G20 gets 'action plan' to fight tax avoidance
The OECD presented G20 nations with a bold strategy on Friday to crack down on tax avoidance by corporate giants and the super rich, and so boost overstretched national budgets.
Moscow: The OECD presented G20 nations with a bold strategy on Friday to crack down on tax avoidance by corporate giants and the super rich, and so boost overstretched national budgets.
The G20 group of emerging and advanced nations had asked the Organisation for Economic Cooperation and Development (OECD) to come up with the action plan after agreeing earlier this year to focus on tax avoidance.
The OECD said that governments had to better align tax regulations to prevent big investors from parking huge sums in tax havens.
The plan was presented at the start of the latest meeting of G20 finance ministers and central bankers in Moscow under the Russian presidency, in the hope it will be agreed in the final communique on Saturday.
"(The plan) sets forth 15 actions that would result in most fundamental changes in the tax systems since the 1920s," said OECD Secretary General Angel Gurria.
"We must address this so that multinationals pay their fair share," he added.
The proposal seeks to end the ability of multinational companies to profit from tax agreements between states and ultimately pay very little or zero tax.
The main champions of the plan -- Germany, Britain, France and Russia -- want it adopted by the entire G20 and implemented within two years.
"Some big companies manage to have a three or four-percent tax rate worldwide," French Finance Minister Pierre Moscovici told a news conference.
"These situations are impossible to explain to our fellow citizens ... The plan is a major breakthrough," he added.
The British finance minister, Chancellor of the Exchequer George Osborne, said the OECD plan represented "a major step forward".
"The message is clear -- people and companies are to pay the taxes that are due," said Osborne.
There were doubts about Moscow's commitment to the issue, given many Russian firms are registered abroad to escape tax, a practise that was highlighted sharply by the Cyprus crisis.
But Osborne said Moscow was fully involved in the plan.
"The Russian presidency has picked up the issue, there is a clear commitment to endorse this agenda," he said.

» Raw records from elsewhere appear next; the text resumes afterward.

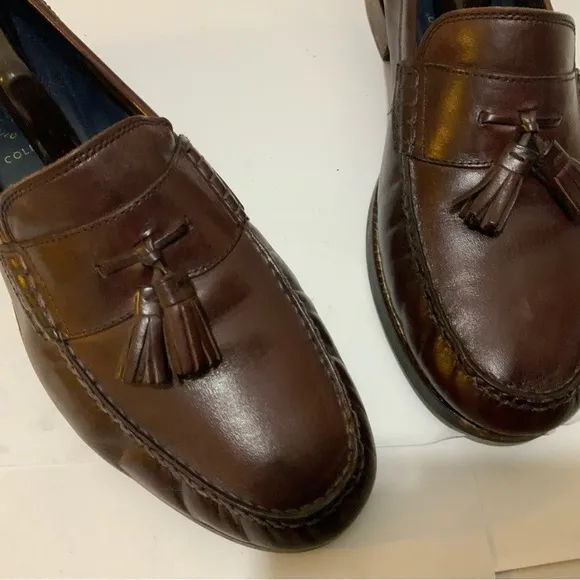 Cole Haan Maine Pinch Classic  Brown Leather Tassel Loafers Mens Size US 9.5 W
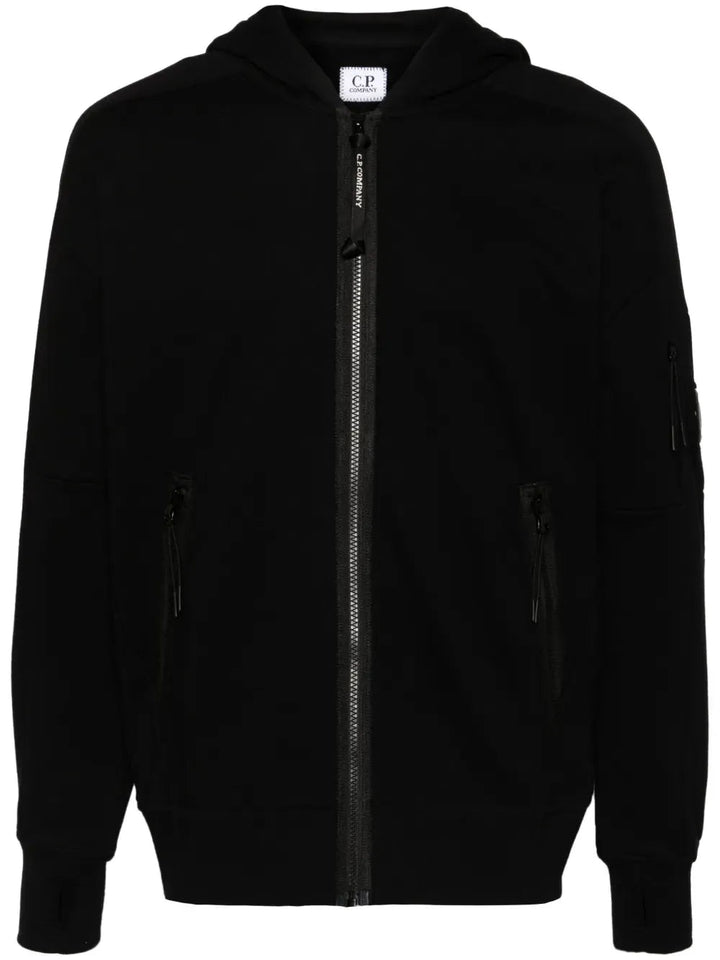 C.P. COMPANY - Sweat-shirt zippé à capuche en coton brossé blue eclipse - Lothaire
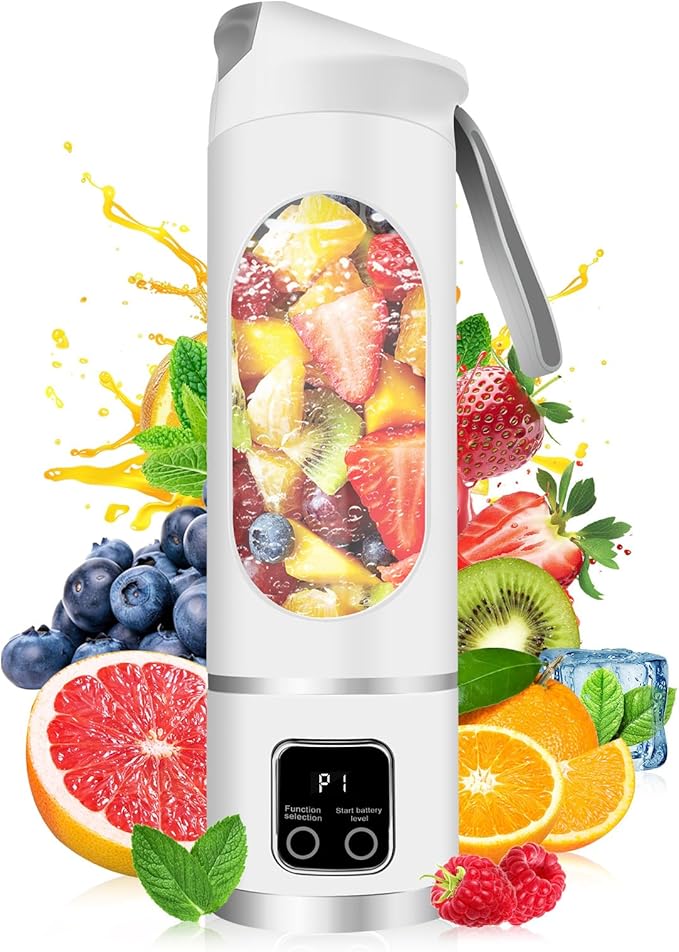 Portable Blender Personal Electric USB | 500ml Portable Juicer for Shakes and Smoothies | Small Blender for Mixing | Compact Convenient Versatile Kitchen Small Appliance for Home (White)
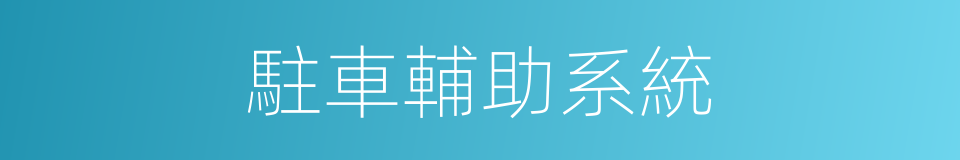 駐車輔助系統的同義詞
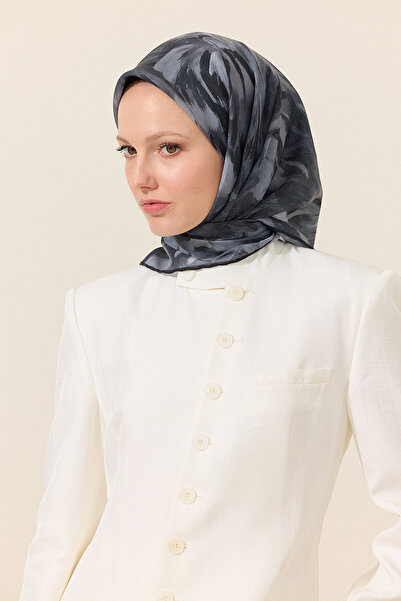 cs camellia scarf Eșarfă moale cusută manual - Negru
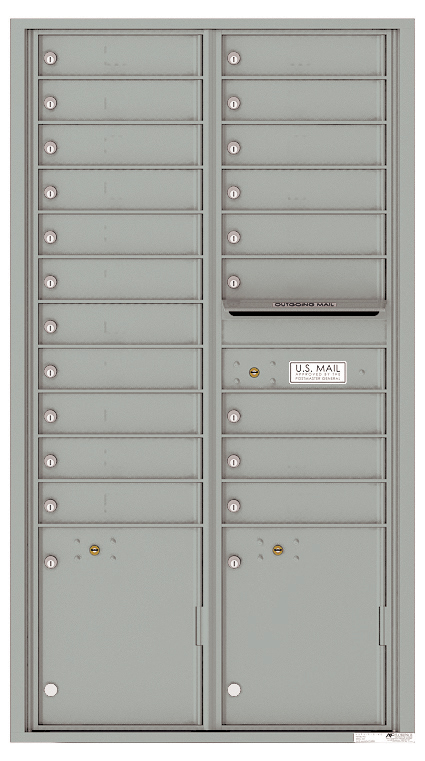 Front Loading Commercial Mailbox With 20 Tenant Compartments and 2 Parcel Lockers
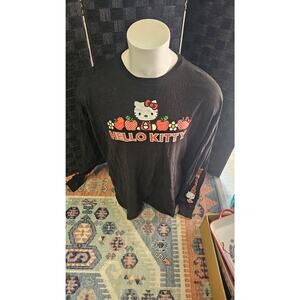 Sanrio Hello Kitty Womens  Kawaii Red Apples Black T-shirt Long Sleeve 3XXL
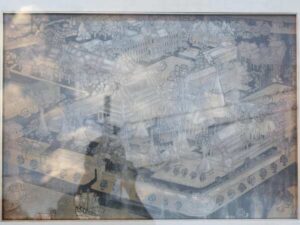 Old city picture, gold frame no.1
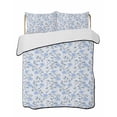 thumbnail image 2 of Blue Spring Floral Queen Size Down Alternative Comforter, Lightweight Comforter Quilt Bedding Set with Pillow Shams Flowers Leaves Pastoral Botanical All Seasons Bed Comforter Duvet Insert 90"x96", 2 of 7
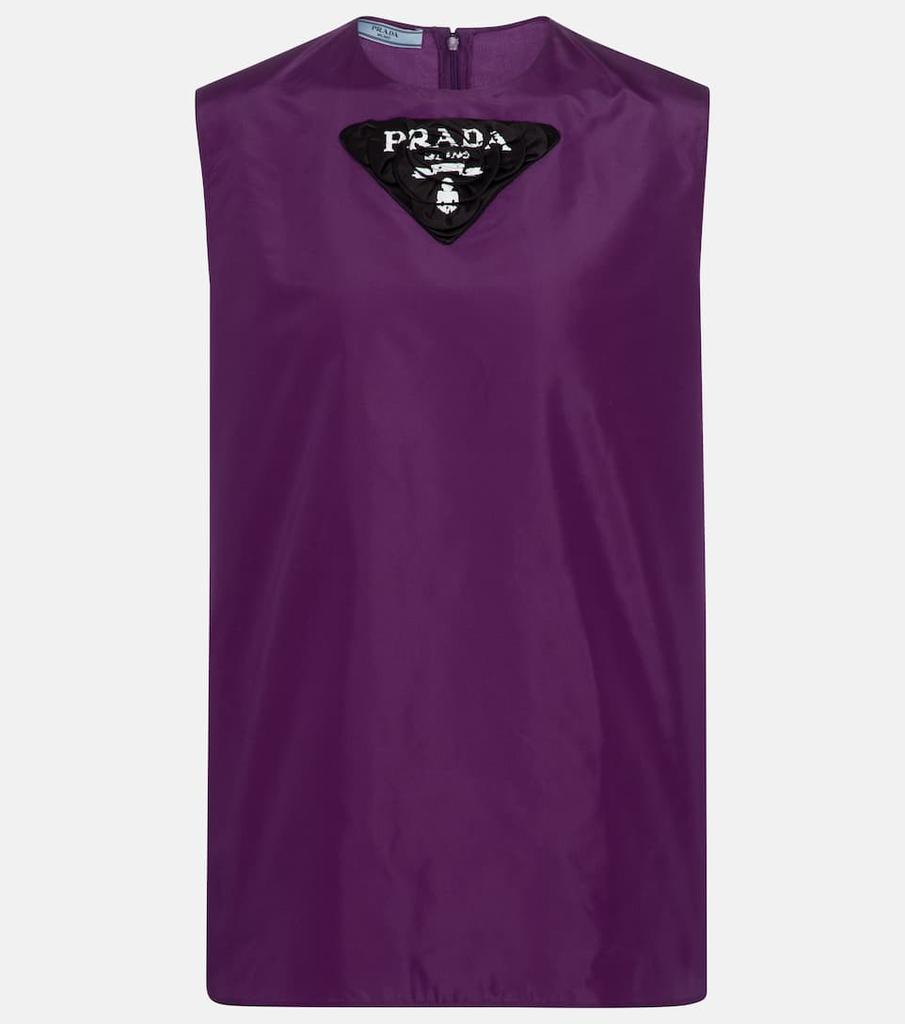 商品Prada|Logo silk taffeta tank top,价格¥7354,第1张图片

Russian Finance Minister Anton Siluanov said it was essential the measures were adopted by the entire G20.
"Applying these measures in a single country or just a group will produce no result," he said.
--- 'Bold' action on tax norms needed ---
The United States, which was also involved in drawing up the plan, welcomed a "major step" to address tax avoidance by multinational firms.
US Treasury Secretary Jacob Lew said the plan represents a "concerted effort to raise standards around the world."
The OECD said in its plan that a proper rule system was needed as the current framework was "consensus-based" and risked being entirely undermined, especially as the digital economy becomes ever more important.
"A bold move by policy makers is necessary to prevent worsening problems," said the OECD.
Finance ministers and central bank chiefs will now hope to make a strong and unified statement on tax avoidance in their final communique.
Actions proposed by the OECD include requiring taxpayers to disclose their aggressive tax planning arrangements to the fiscal authorities but also making dispute resolution mechanisms more effective.
Companies in the spotlight in the last months for using these legal, but controversial, methods of booking profits include US giants Google, Amazon and Starbucks.
"Fundamental changes are needed to effectively prevent double non-taxation," the OECD said. "Moreover, governments must continue to work together to tackle harmful tax practices and aggressive tax planning."
The G20 at its meeting is also set to debate the health of the global economy and how to prevent a renewed slowdown as growth in emerging markets cools.
The United States made clear that the fight against unemployment should be at the centre of the agenda with Lew calling on EU states to do more to improve demand and growth.
"Unemployment remains at unacceptably high levels. We must do whatever it takes to address this overriding challenge for our societies," said European Commissioner for Economic and Monetary Affairs Olli Rehn.